Retype, without changes or pictures, only the lines that begin at the one containing "After obtaining the" and end at the last line of the records that follow.
*** Block opens ***
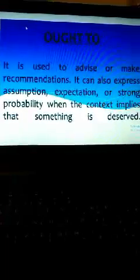The next word is ought. It is used to advise and make recommendations. It can also express assumptions, expectations, or strong...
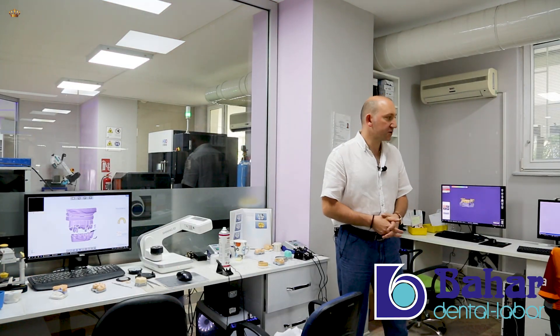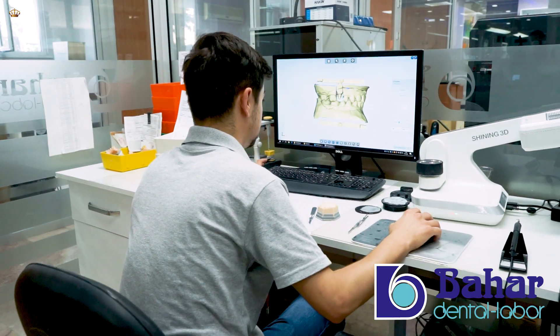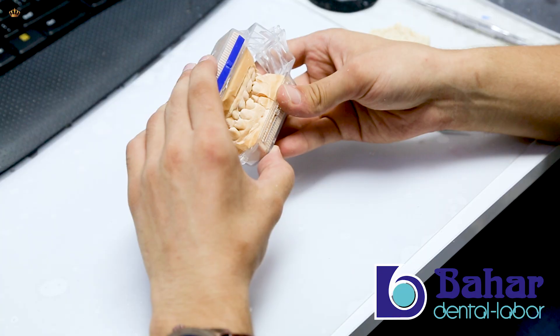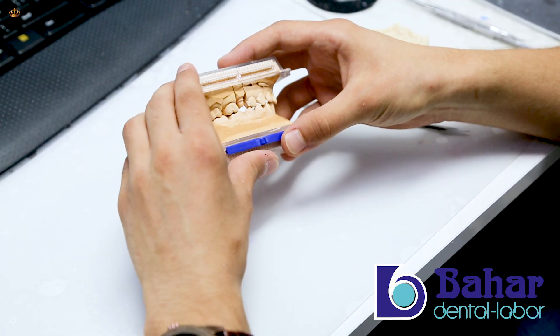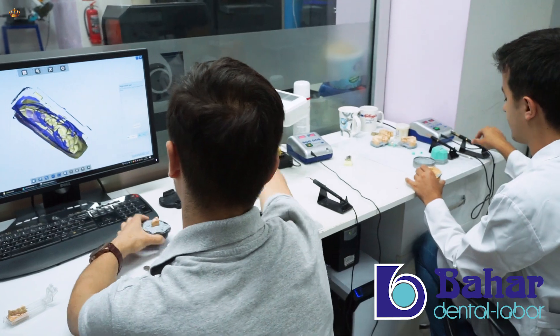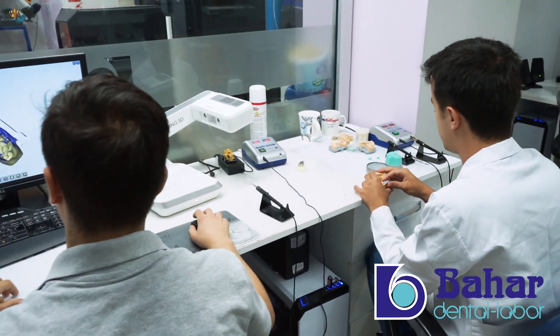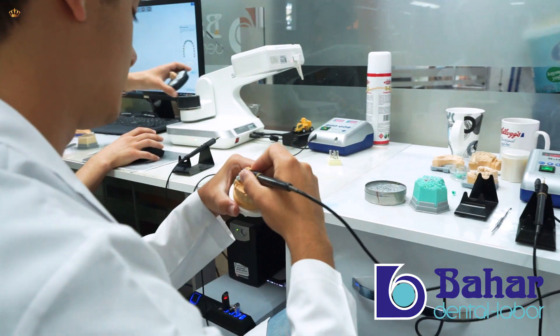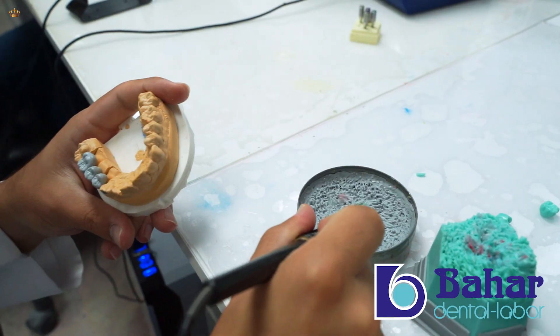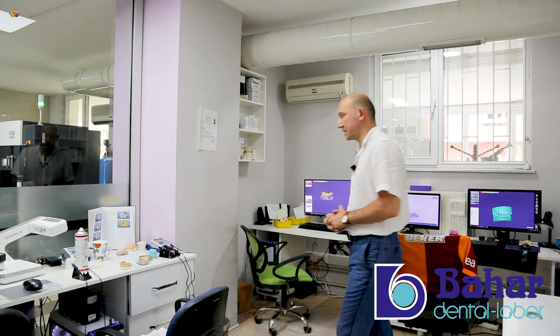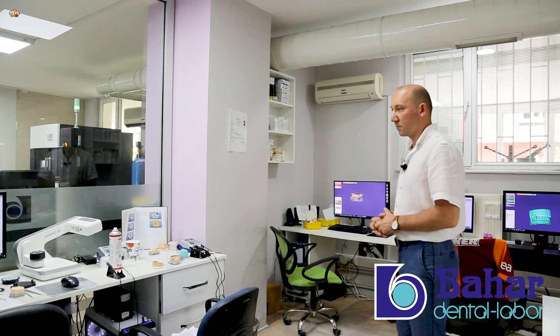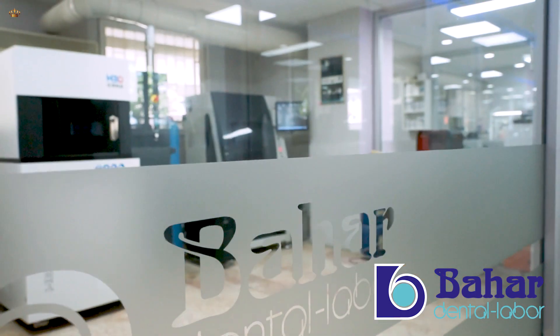After obtaining the models, our framework processing begins again in the digital environment. We make digital designs with 8 technicians working as 4 plus 4 in two production shifts. Both metal frameworks and zirconium frameworks are designed and processed in the digital environment.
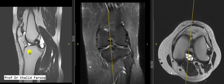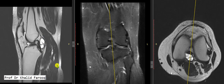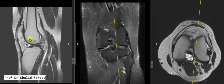This ACL transection results in ACL instability, because of which there is anterior tibial translation. Generally, the signal and morphology of the posterior cruciate ligament appears unremarkable, while we can see multi-septated ganglion cysts behind the posterior aspect of the posterior cruciate ligament.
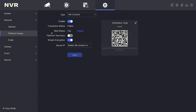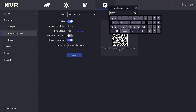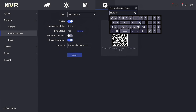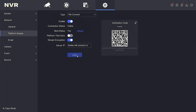Here, you'll find the verification code. To change it, click on Edit and modify the code to your preference. After making the changes, click Confirm, and then click Apply. Return and click the Edit icon to ensure the changes are saved.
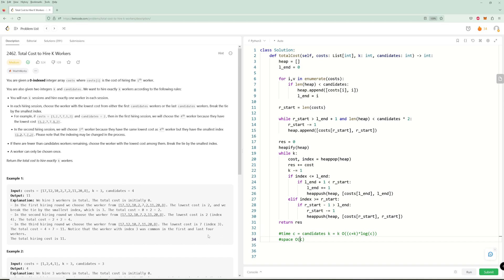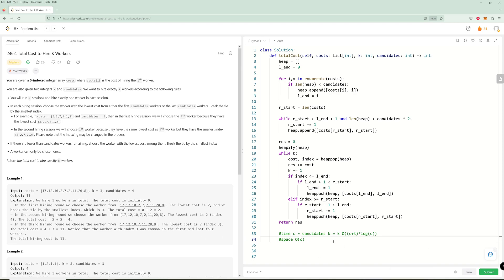This problem is pretty straightforward just using a heap. You could use two heaps if it makes it easier, and just maintain the pointers. It's a bit easier than some of the problems we've had in the last few days. That's going to be it for this video — if you liked it, please like and subscribe, and I'll see you in the next one. Thanks for watching.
*** Block closes ***
REPLY TO THE TASK:
After obtaining the models, our framework processing begins again in the digital environment. We make digital designs with 8 technicians working as 4 plus 4 in two production shifts. Both metal frameworks and zirconium frameworks are designed and processed in the digital environment.
This ACL transection results in ACL instability, because of which there is anterior tibial translation. Generally, the signal and morphology of the posterior cruciate ligament appears unremarkable, while we can see multi-septated ganglion cysts behind the posterior aspect of the posterior cruciate ligament.
Here, you'll find the verification code. To change it, click on Edit and modify the code to your preference. After making the changes, click Confirm, and then click Apply. Return and click the Edit icon to ensure the changes are saved.
This problem is pretty straightforward just using a heap. You could use two heaps if it makes it easier, and just maintain the pointers. It's a bit easier than some of the problems we've had in the last few days. That's going to be it for this video — if you liked it, please like and subscribe, and I'll see you in the next one. Thanks for watching.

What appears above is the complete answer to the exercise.